- _Work item_
Would it be possible to copy exactly the lines from the one containing "The Marina Place, 7" to the end of the entries, including both and nothing else?

== Available data ==

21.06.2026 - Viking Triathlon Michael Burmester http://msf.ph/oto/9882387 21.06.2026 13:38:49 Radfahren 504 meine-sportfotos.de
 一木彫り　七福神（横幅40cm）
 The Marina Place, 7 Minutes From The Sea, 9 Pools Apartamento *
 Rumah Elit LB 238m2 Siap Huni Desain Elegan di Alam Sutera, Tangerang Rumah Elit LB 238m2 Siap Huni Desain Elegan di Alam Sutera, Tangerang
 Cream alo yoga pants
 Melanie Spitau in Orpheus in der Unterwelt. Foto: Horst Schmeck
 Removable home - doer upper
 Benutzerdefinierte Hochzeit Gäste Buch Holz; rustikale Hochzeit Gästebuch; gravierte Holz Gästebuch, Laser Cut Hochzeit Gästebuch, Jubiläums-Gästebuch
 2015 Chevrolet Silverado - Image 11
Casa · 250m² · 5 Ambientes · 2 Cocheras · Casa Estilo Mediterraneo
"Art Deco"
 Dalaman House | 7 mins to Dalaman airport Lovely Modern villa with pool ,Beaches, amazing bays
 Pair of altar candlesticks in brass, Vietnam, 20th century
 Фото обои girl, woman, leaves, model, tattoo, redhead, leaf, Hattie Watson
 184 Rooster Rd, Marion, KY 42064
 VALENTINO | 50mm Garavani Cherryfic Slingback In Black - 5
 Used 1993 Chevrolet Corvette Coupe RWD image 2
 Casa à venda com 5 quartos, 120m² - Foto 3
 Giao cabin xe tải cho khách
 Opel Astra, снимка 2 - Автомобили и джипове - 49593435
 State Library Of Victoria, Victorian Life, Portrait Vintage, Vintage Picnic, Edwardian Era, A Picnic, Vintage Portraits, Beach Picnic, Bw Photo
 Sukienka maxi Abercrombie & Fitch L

===

- _Written answer_
 The Marina Place, 7 Minutes From The Sea, 9 Pools Apartamento *
 Rumah Elit LB 238m2 Siap Huni Desain Elegan di Alam Sutera, Tangerang Rumah Elit LB 238m2 Siap Huni Desain Elegan di Alam Sutera, Tangerang
 Cream alo yoga pants
 Melanie Spitau in Orpheus in der Unterwelt. Foto: Horst Schmeck
 Removable home - doer upper
 Benutzerdefinierte Hochzeit Gäste Buch Holz; rustikale Hochzeit Gästebuch; gravierte Holz Gästebuch, Laser Cut Hochzeit Gästebuch, Jubiläums-Gästebuch
 2015 Chevrolet Silverado - Image 11
Casa · 250m² · 5 Ambientes · 2 Cocheras · Casa Estilo Mediterraneo
"Art Deco"
 Dalaman House | 7 mins to Dalaman airport Lovely Modern villa with pool ,Beaches, amazing bays
 Pair of altar candlesticks in brass, Vietnam, 20th century
 Фото обои girl, woman, leaves, model, tattoo, redhead, leaf, Hattie Watson
 184 Rooster Rd, Marion, KY 42064
 VALENTINO | 50mm Garavani Cherryfic Slingback In Black - 5
 Used 1993 Chevrolet Corvette Coupe RWD image 2
 Casa à venda com 5 quartos, 120m² - Foto 3
 Giao cabin xe tải cho khách
 Opel Astra, снимка 2 - Автомобили и джипове - 49593435
 State Library Of Victoria, Victorian Life, Portrait Vintage, Vintage Picnic, Edwardian Era, A Picnic, Vintage Portraits, Beach Picnic, Bw Photo
 Sukienka maxi Abercrombie & Fitch L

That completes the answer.